§ Brief descriptive captions
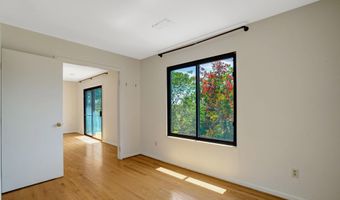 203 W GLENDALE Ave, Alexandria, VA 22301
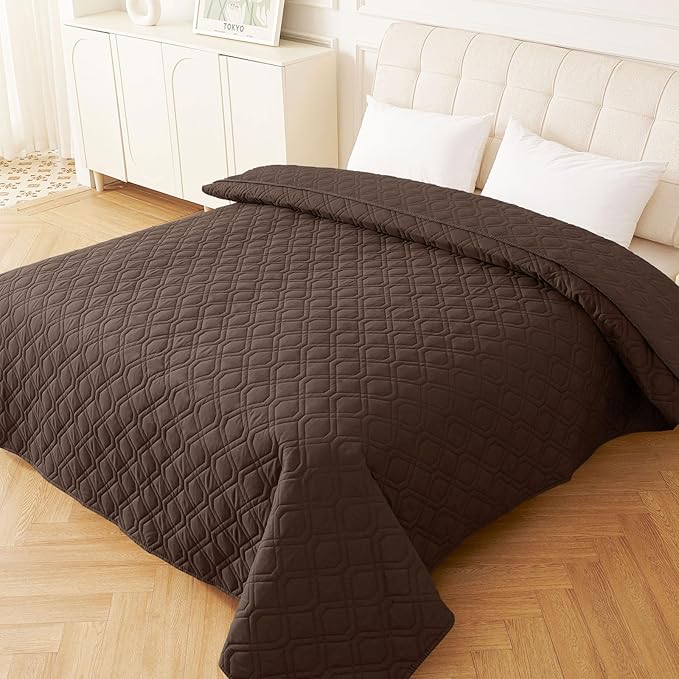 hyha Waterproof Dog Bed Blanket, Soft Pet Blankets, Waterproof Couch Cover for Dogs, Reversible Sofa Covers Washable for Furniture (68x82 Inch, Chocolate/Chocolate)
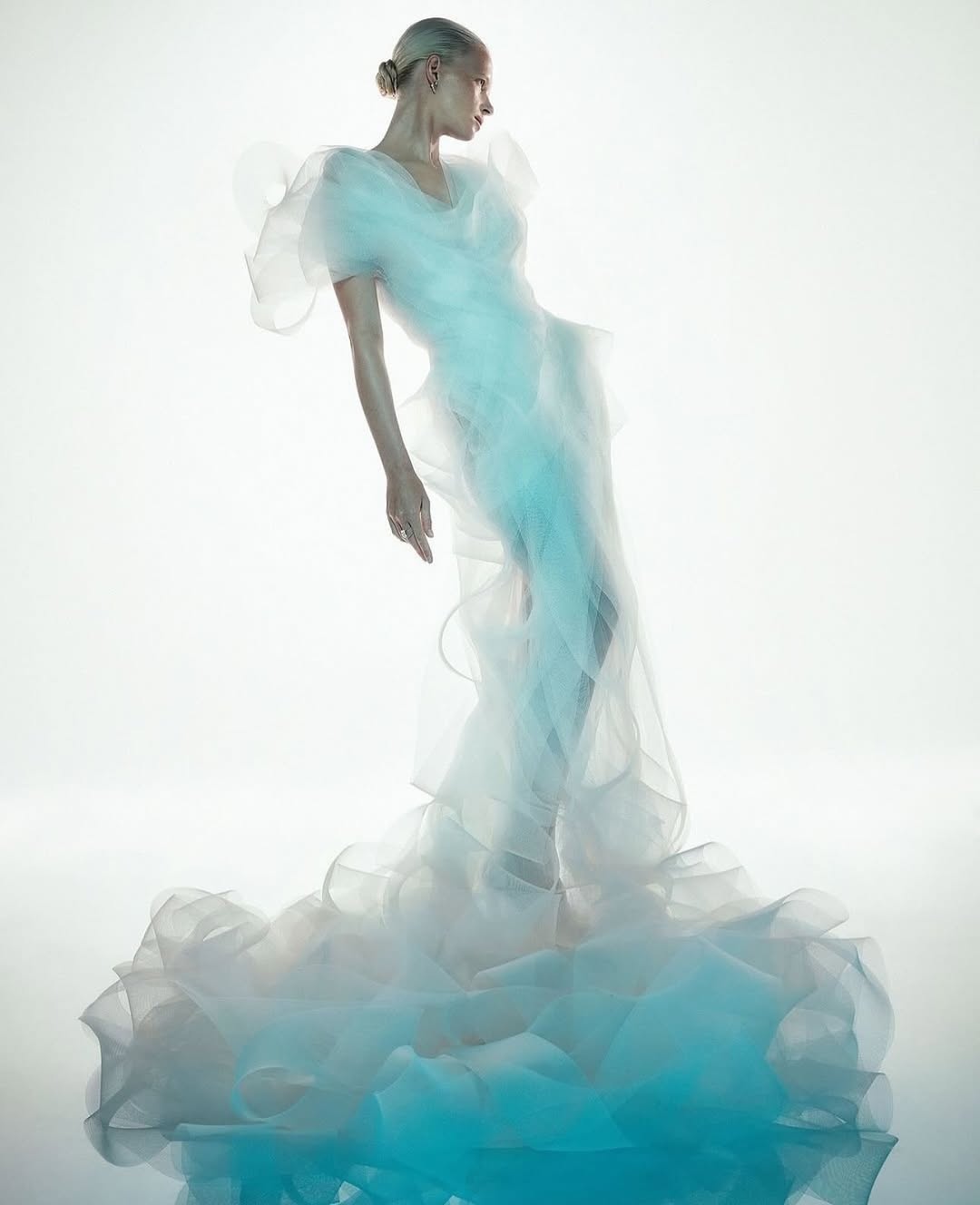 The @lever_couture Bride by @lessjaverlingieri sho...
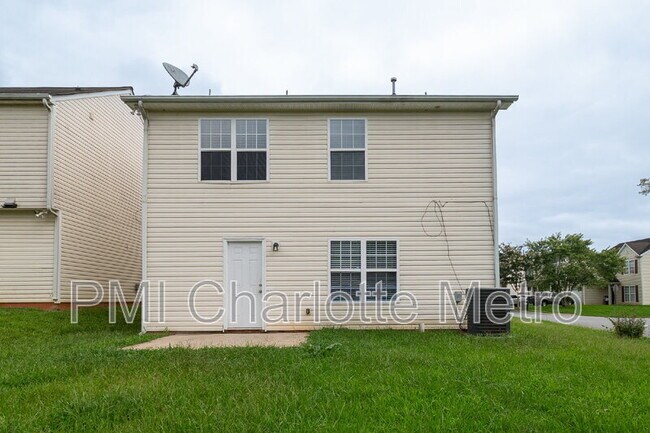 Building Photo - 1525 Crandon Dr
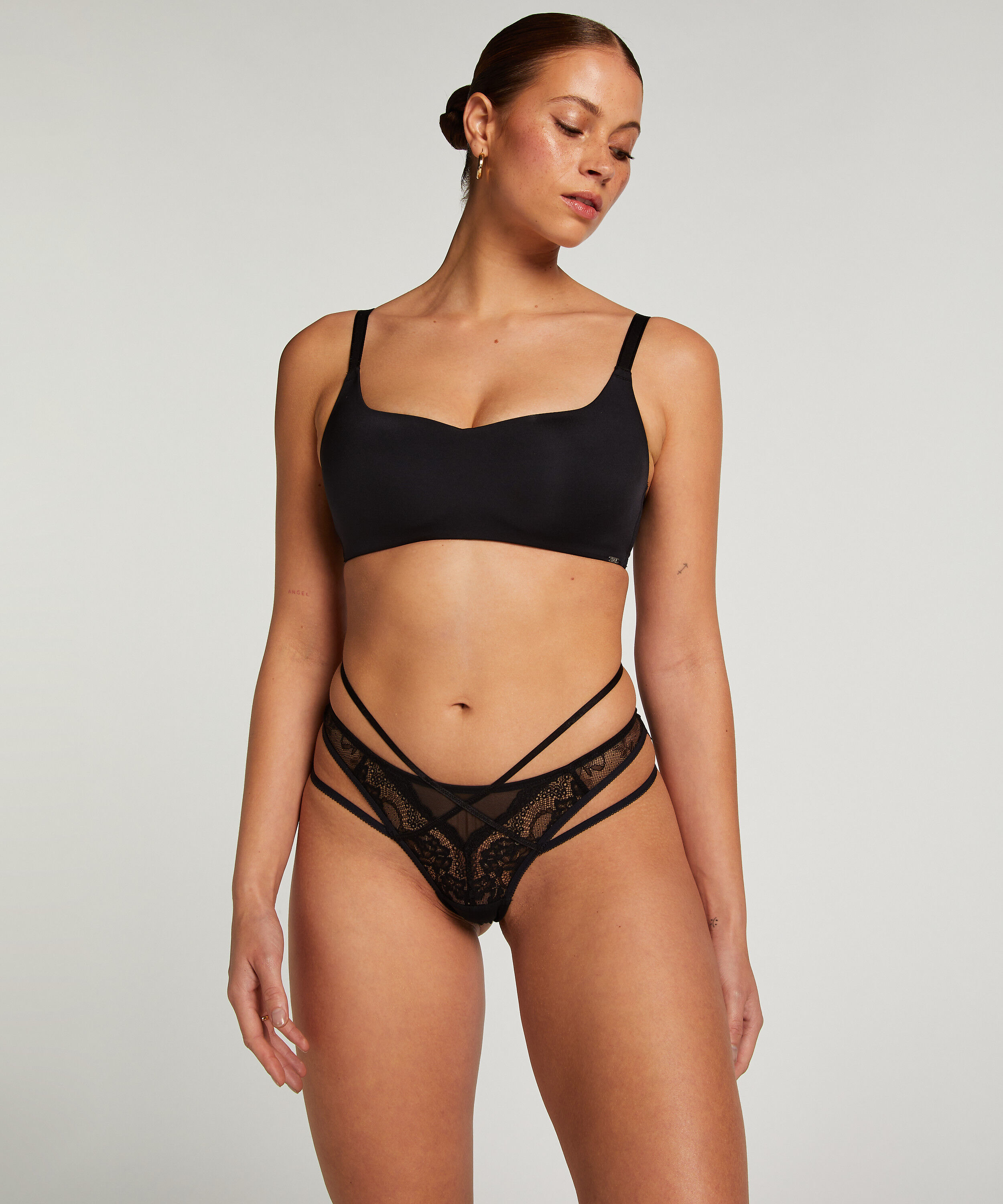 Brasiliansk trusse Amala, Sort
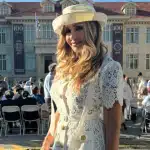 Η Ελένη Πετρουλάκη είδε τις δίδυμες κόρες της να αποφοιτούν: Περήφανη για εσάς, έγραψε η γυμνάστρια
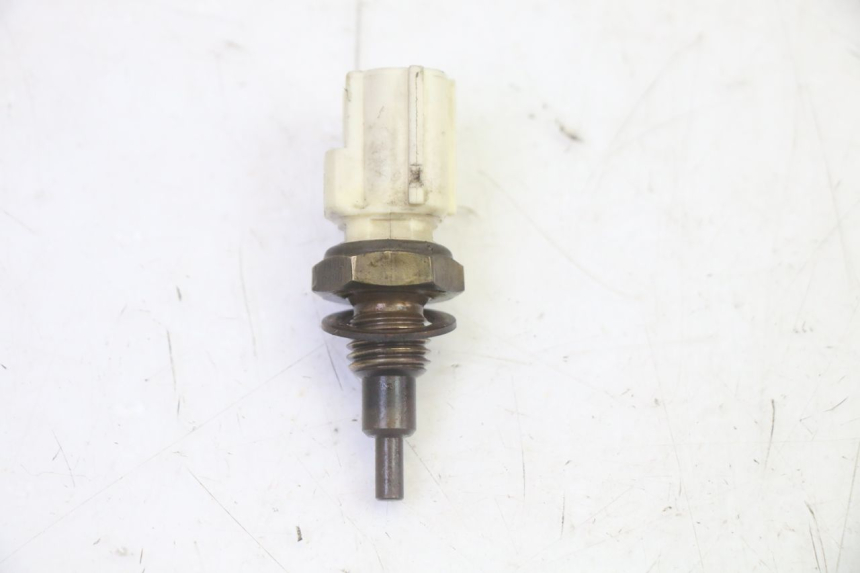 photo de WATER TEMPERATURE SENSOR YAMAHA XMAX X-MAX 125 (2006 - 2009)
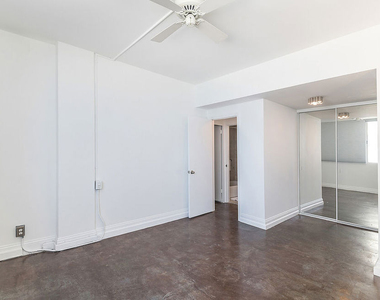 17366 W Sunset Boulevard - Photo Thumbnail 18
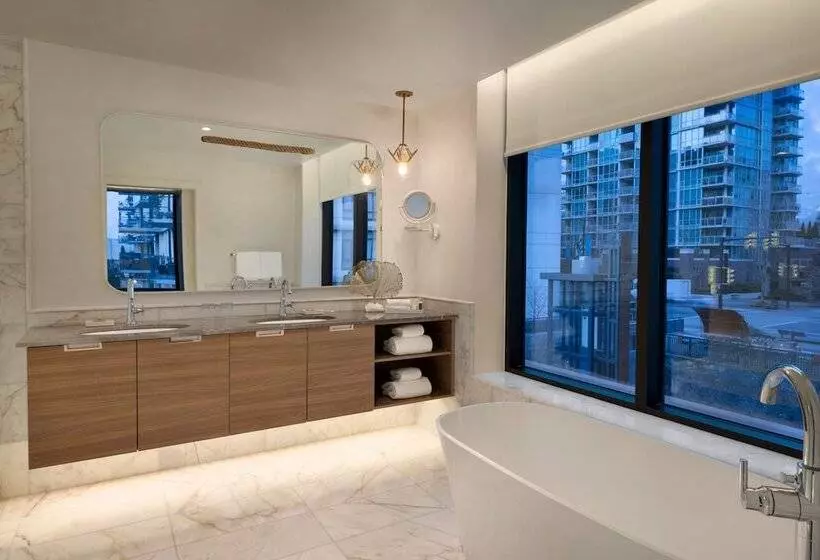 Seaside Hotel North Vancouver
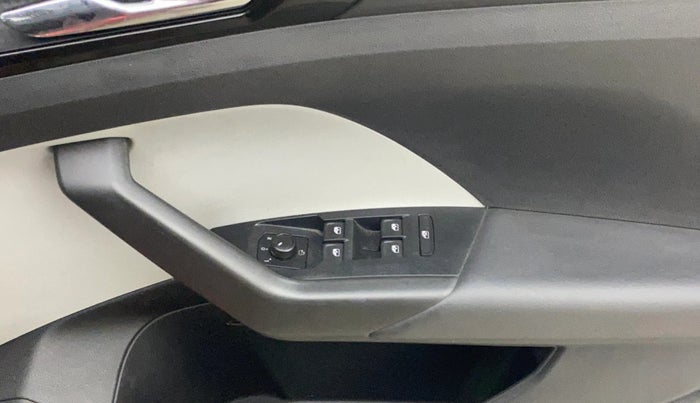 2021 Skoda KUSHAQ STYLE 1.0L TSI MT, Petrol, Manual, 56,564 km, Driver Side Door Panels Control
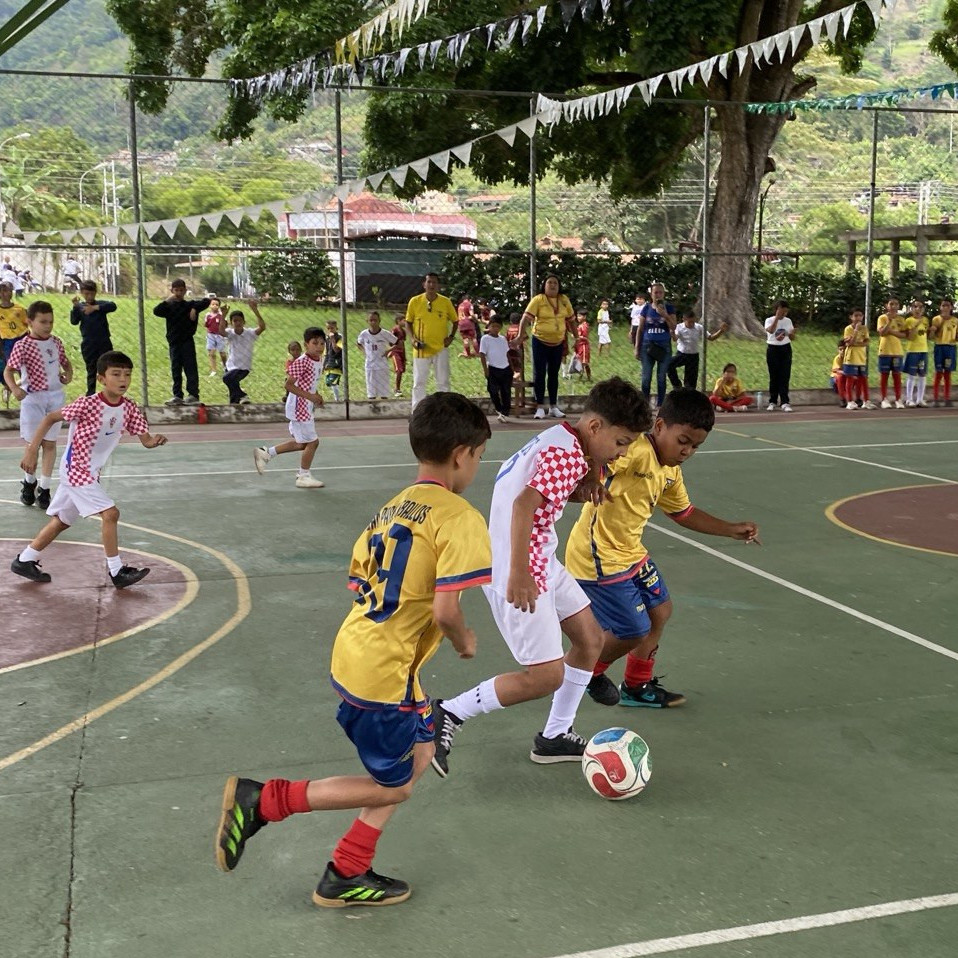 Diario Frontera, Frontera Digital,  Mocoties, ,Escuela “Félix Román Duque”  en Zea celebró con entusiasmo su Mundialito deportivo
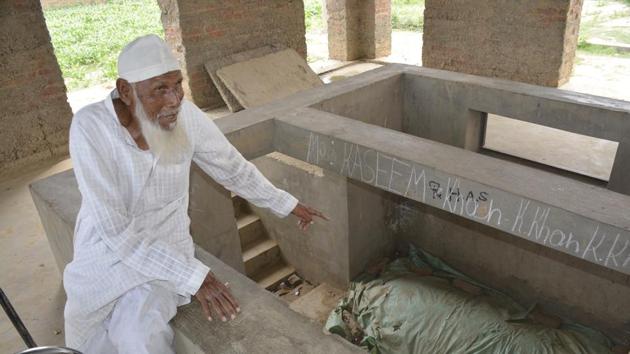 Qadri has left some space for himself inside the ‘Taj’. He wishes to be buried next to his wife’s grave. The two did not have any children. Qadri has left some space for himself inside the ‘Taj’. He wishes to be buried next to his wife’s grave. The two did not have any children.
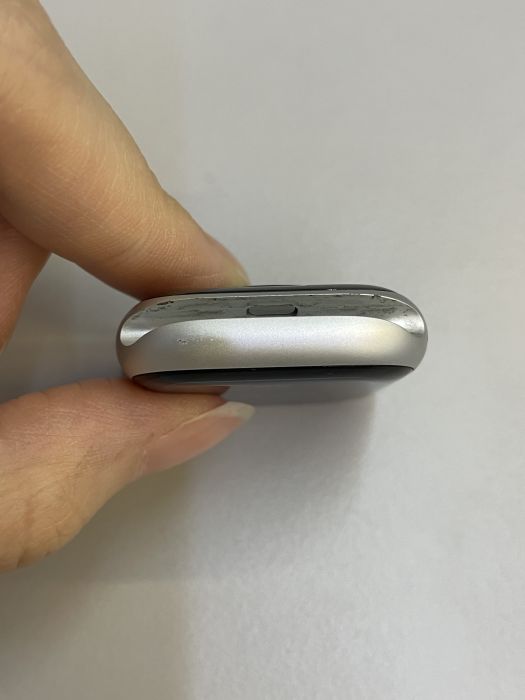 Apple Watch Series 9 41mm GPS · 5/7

§ ABOUT THIS TASK
Write the data above out exactly. Leave out any pictures.

§ RESULT OF THE TASK
 203 W GLENDALE Ave, Alexandria, VA 22301
 hyha Waterproof Dog Bed Blanket, Soft Pet Blankets, Waterproof Couch Cover for Dogs, Reversible Sofa Covers Washable for Furniture (68x82 Inch, Chocolate/Chocolate)
 The @lever_couture Bride by @lessjaverlingieri sho...
 Building Photo - 1525 Crandon Dr
 Brasiliansk trusse Amala, Sort
 Η Ελένη Πετρουλάκη είδε τις δίδυμες κόρες της να αποφοιτούν: Περήφανη για εσάς, έγραψε η γυμνάστρια
 photo de WATER TEMPERATURE SENSOR YAMAHA XMAX X-MAX 125 (2006 - 2009)
 17366 W Sunset Boulevard - Photo Thumbnail 18
 Seaside Hotel North Vancouver
 2021 Skoda KUSHAQ STYLE 1.0L TSI MT, Petrol, Manual, 56,564 km, Driver Side Door Panels Control
 Diario Frontera, Frontera Digital,  Mocoties, ,Escuela “Félix Román Duque”  en Zea celebró con entusiasmo su Mundialito deportivo
 Qadri has left some space for himself inside the ‘Taj’. He wishes to be buried next to his wife’s grave. The two did not have any children. Qadri has left some space for himself inside the ‘Taj’. He wishes to be buried next to his wife’s grave. The two did not have any children.
 Apple Watch Series 9 41mm GPS · 5/7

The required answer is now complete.